EXTRACTED ENTRIES:
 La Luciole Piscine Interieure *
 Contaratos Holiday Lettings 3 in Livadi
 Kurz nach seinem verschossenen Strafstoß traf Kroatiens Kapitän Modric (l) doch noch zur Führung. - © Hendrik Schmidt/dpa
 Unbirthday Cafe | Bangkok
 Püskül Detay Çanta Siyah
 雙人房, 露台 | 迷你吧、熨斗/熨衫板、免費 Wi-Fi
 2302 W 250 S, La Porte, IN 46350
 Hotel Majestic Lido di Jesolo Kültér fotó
--
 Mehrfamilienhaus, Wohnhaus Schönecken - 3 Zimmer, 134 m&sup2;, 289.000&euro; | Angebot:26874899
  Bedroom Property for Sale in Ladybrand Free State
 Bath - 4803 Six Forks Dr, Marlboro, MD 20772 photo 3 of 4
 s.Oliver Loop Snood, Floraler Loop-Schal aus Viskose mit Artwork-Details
...
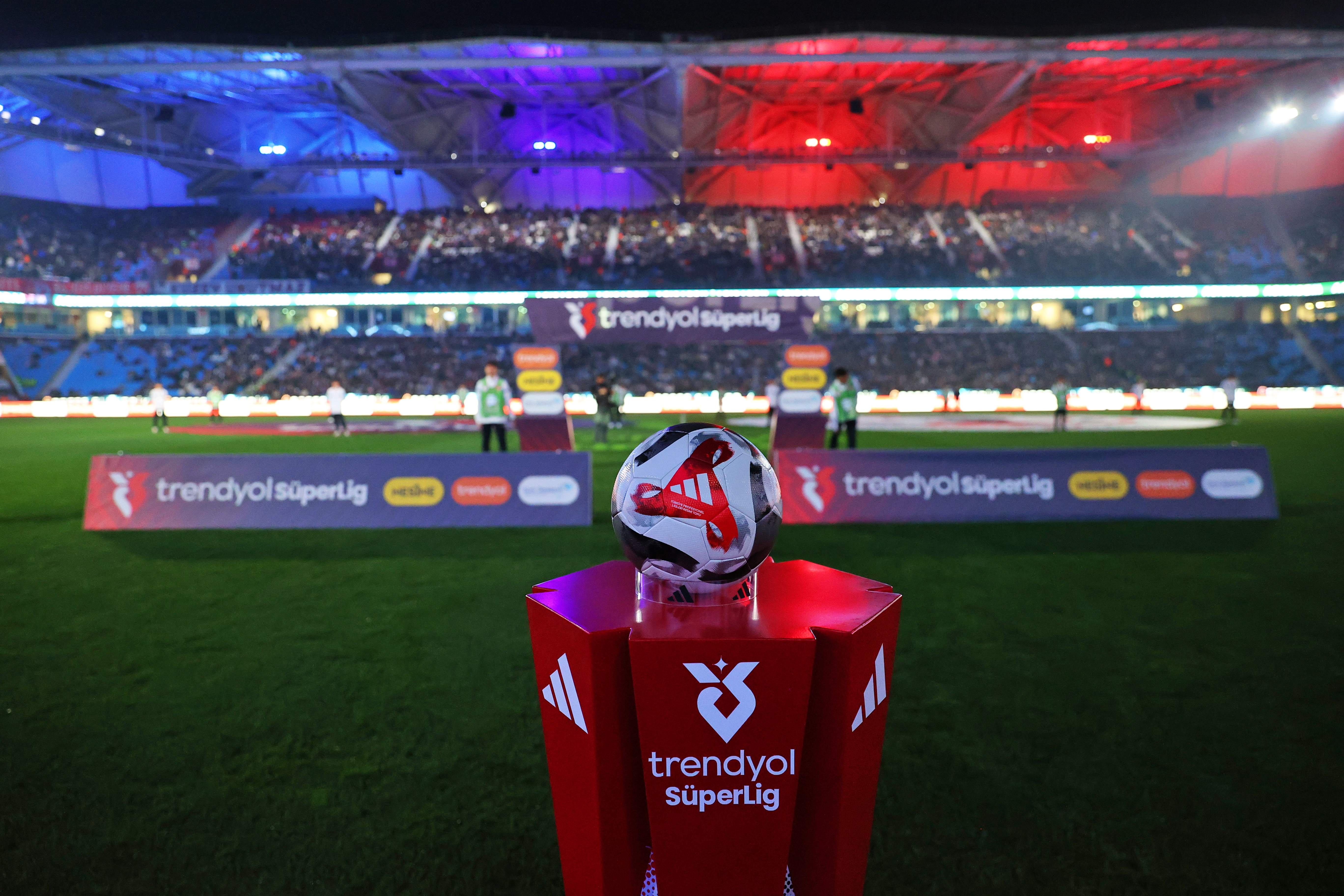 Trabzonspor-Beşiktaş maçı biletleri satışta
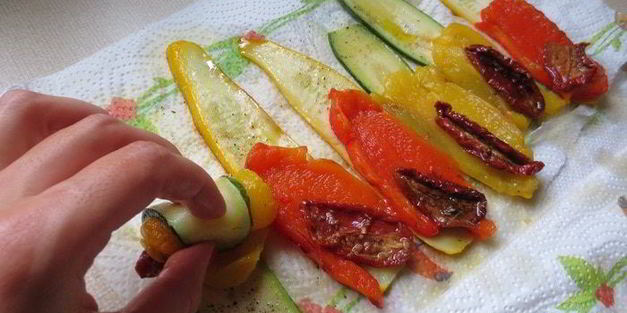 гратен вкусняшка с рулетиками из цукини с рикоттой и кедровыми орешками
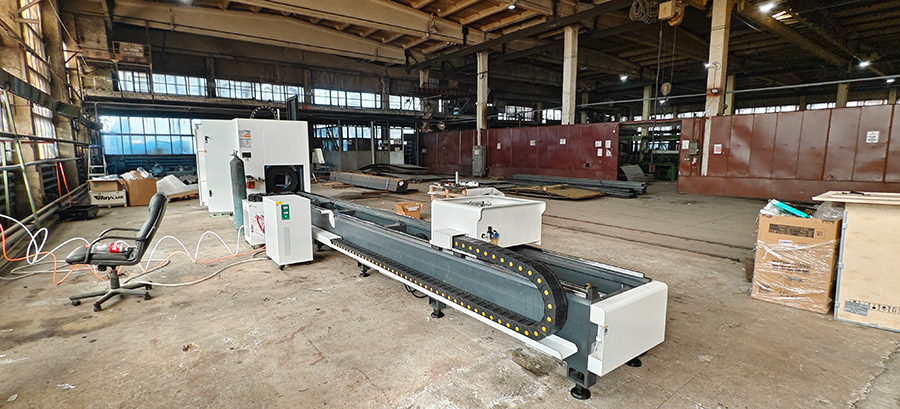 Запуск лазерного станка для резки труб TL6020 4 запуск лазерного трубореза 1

YOUR GOAL:
Retype exactly the lines of the data above that fall between the line with "La Luciole Piscine Interieure *" and the line with "Hotel Majestic Lido di Jesolo Kültér fotó", inclusive, and add nothing.

ANSWER BELOW:
 La Luciole Piscine Interieure *
 Contaratos Holiday Lettings 3 in Livadi
 Kurz nach seinem verschossenen Strafstoß traf Kroatiens Kapitän Modric (l) doch noch zur Führung. - © Hendrik Schmidt/dpa
 Unbirthday Cafe | Bangkok
 Püskül Detay Çanta Siyah
 雙人房, 露台 | 迷你吧、熨斗/熨衫板、免費 Wi-Fi
 2302 W 250 S, La Porte, IN 46350
 Hotel Majestic Lido di Jesolo Kültér fotó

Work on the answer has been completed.